--- THE TASK ---
Please return each entry exactly as it appears, but not the pictures.

(Saved data entries)
╭──
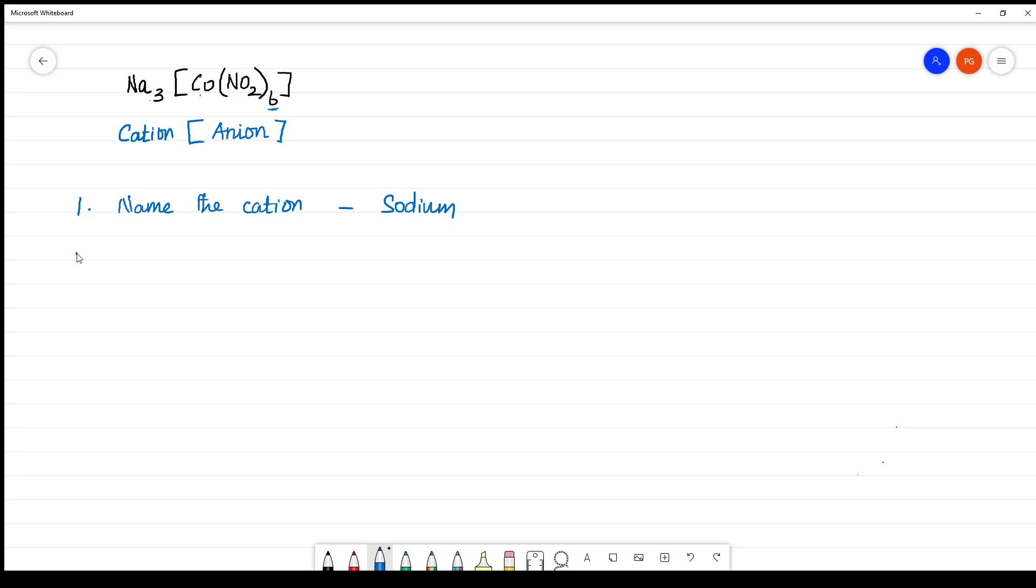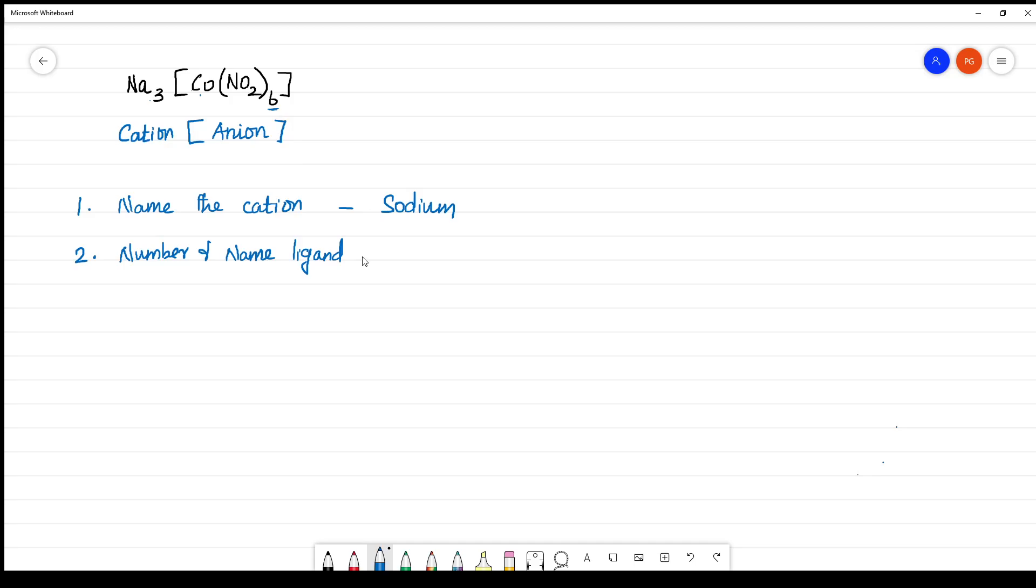The next one is inside the complex, first you have to number and name the ligand. What is the ligand here? NO₂. NO₂ is a nitro ligand. How much is there? It is 6. 6 is hexanitro.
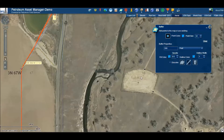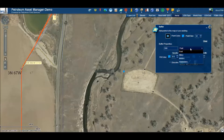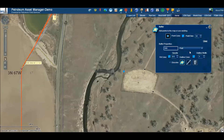The buffer tool can be used to create a buffer around a point. To begin, select the buffer icon from the menu, then add a point to the map wherever you wish. Now, choose a unit for your distance and the number of units.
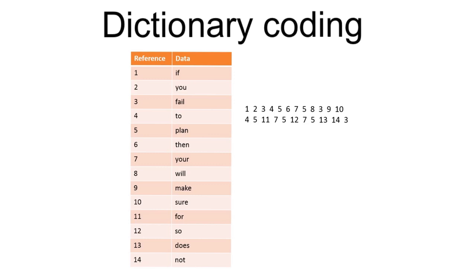One way of doing this is to use a compression algorithm called dictionary coding. This works by building up an index, which we can visualize here as a table, where every data item in the file is recorded along with an indexed reference.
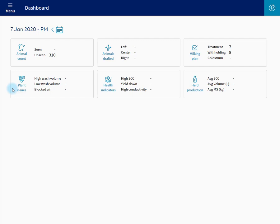Animals can be moved in and out of groups in Protrac. However, groups cannot be created in Protrac. This needs to be done ahead of time in Mindalive.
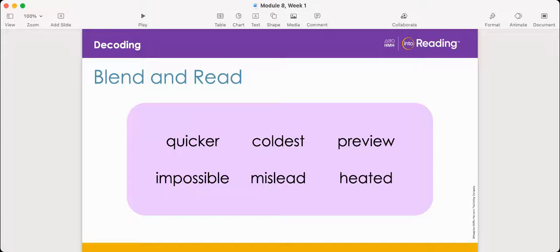We're going to read each line of words and then talk about the words. Let's start with line one: quicker, coldest, preview. The first word is quicker. Does this word have a prefix or a suffix? It has a suffix. The suffix '-er' means more or more than. The base word is quick — so quick plus er. The word quicker means more quick.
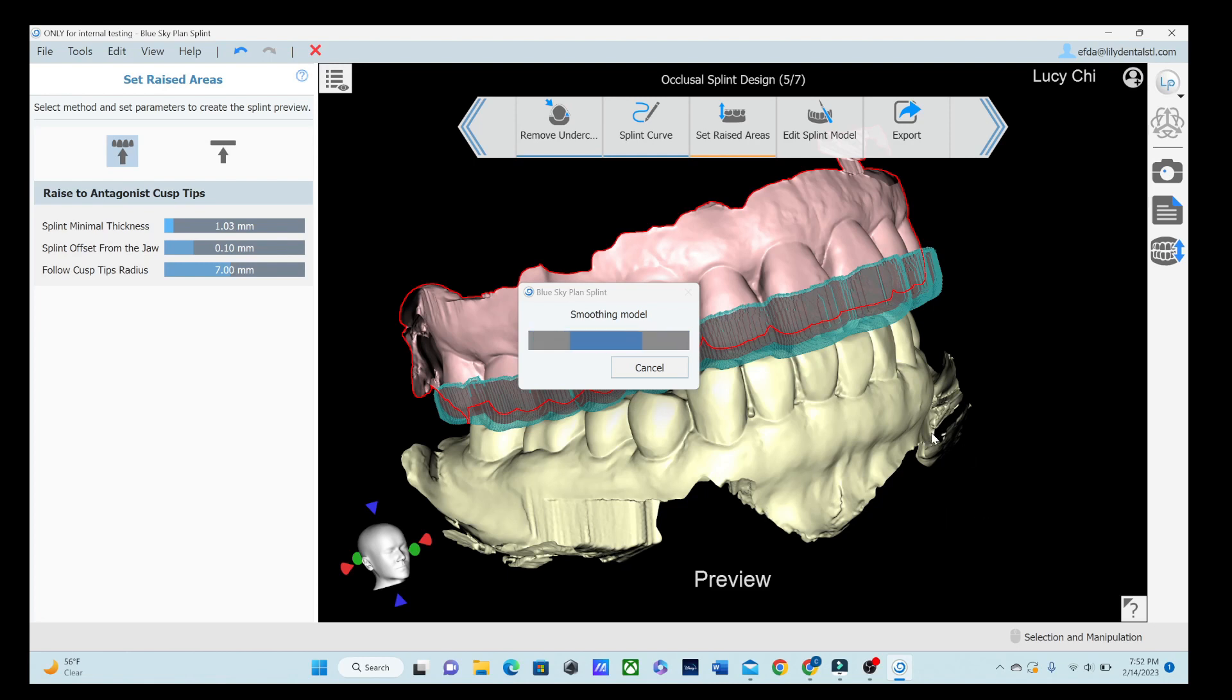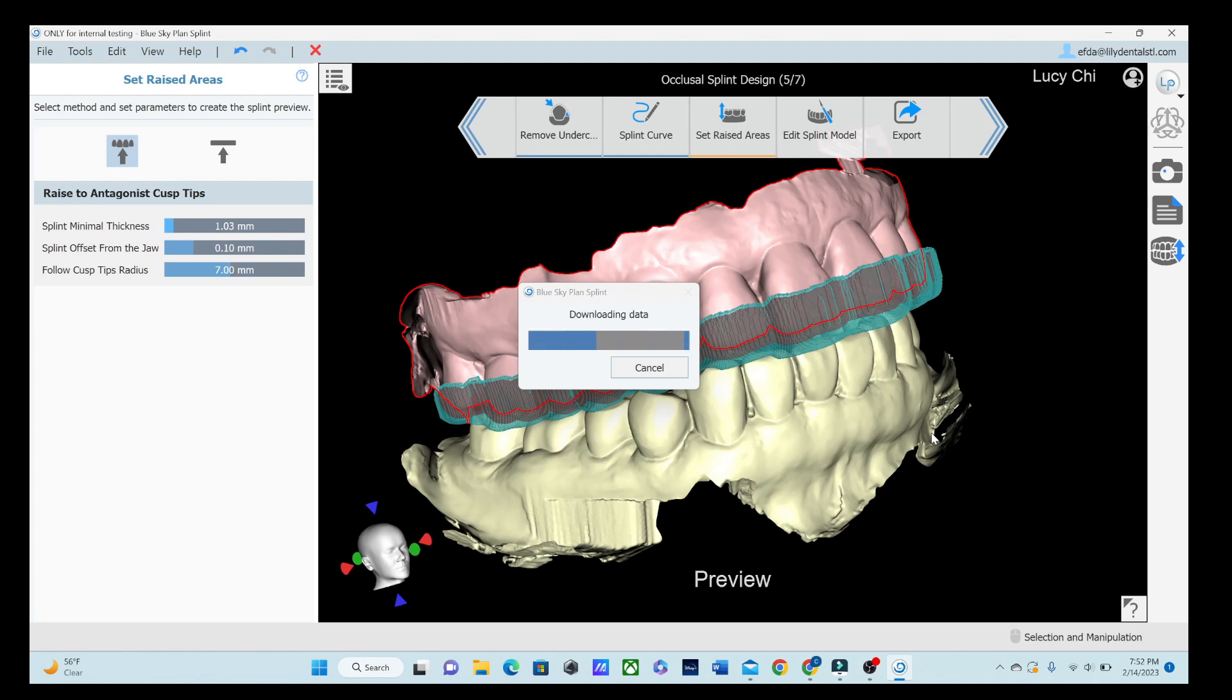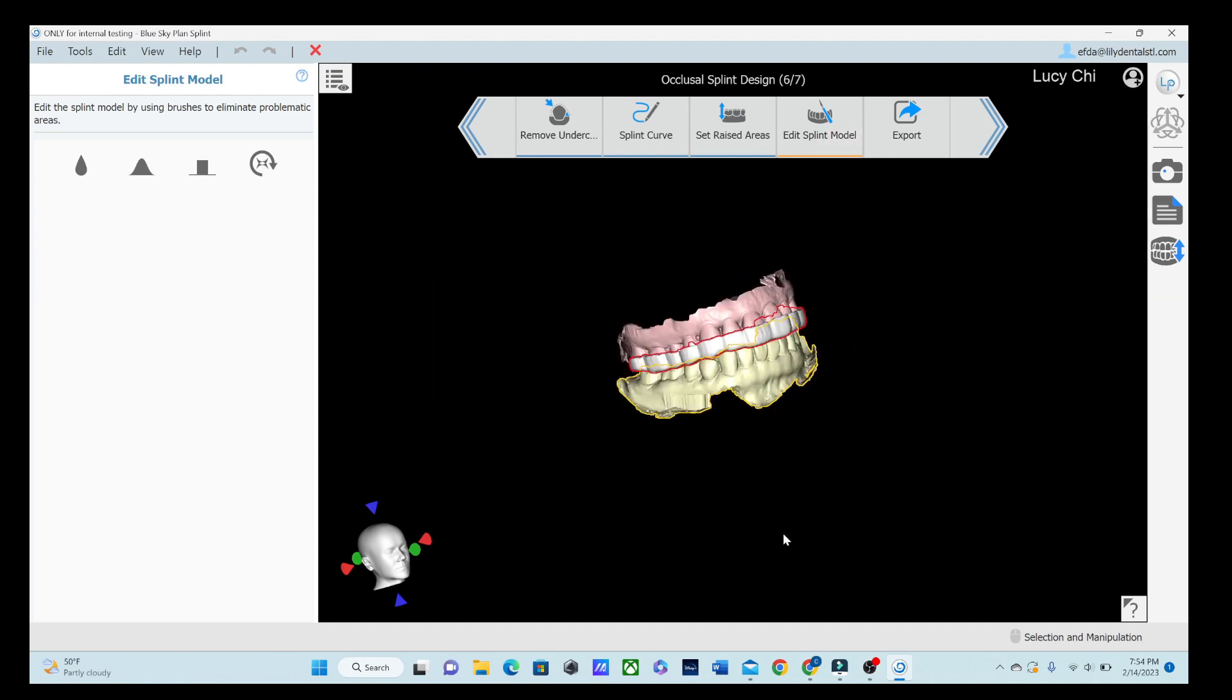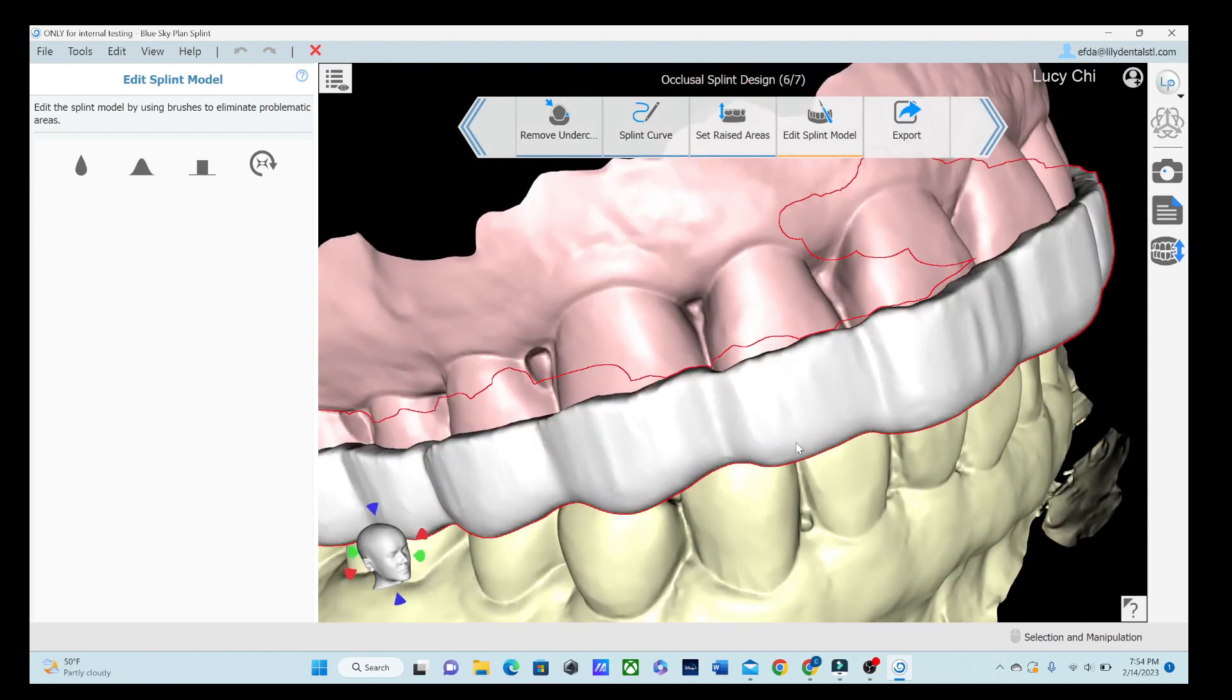The nice thing is these things will print pretty fast. If you have the Sprint Ray Pro S you can use the Bolt Speed and then if you have the Pro Cure 2 it even cures it a lot faster. We have the Pro Cure 1 so it does take I want to say like 44 minutes. Hopefully be upgrading soon. And we've got our Splint.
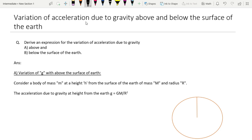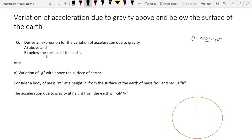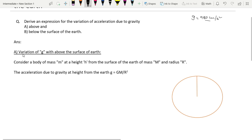Today we are going to discuss the variation of acceleration due to gravity above and below the surface of the Earth. The acceleration due to gravity, small g, has a value of 980 cm per second square. We have to prove that this 980 value will vary or change above or below the Earth's surface. This topic belongs to the gravitational lesson of junior intermediate.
╰──
--- TASK RESPONSE ---
The next one is inside the complex, first you have to number and name the ligand. What is the ligand here? NO₂. NO₂ is a nitro ligand. How much is there? It is 6. 6 is hexanitro.
The buffer tool can be used to create a buffer around a point. To begin, select the buffer icon from the menu, then add a point to the map wherever you wish. Now, choose a unit for your distance and the number of units.
One way of doing this is to use a compression algorithm called dictionary coding. This works by building up an index, which we can visualize here as a table, where every data item in the file is recorded along with an indexed reference.
Animals can be moved in and out of groups in Protrac. However, groups cannot be created in Protrac. This needs to be done ahead of time in Mindalive.
We're going to read each line of words and then talk about the words. Let's start with line one: quicker, coldest, preview. The first word is quicker. Does this word have a prefix or a suffix? It has a suffix. The suffix '-er' means more or more than. The base word is quick — so quick plus er. The word quicker means more quick.
The nice thing is these things will print pretty fast. If you have the Sprint Ray Pro S you can use the Bolt Speed and then if you have the Pro Cure 2 it even cures it a lot faster. We have the Pro Cure 1 so it does take I want to say like 44 minutes. Hopefully be upgrading soon. And we've got our Splint.
Today we are going to discuss the variation of acceleration due to gravity above and below the surface of the Earth. The acceleration due to gravity, small g, has a value of 980 cm per second square. We have to prove that this 980 value will vary or change above or below the Earth's surface. This topic belongs to the gravitational lesson of junior intermediate.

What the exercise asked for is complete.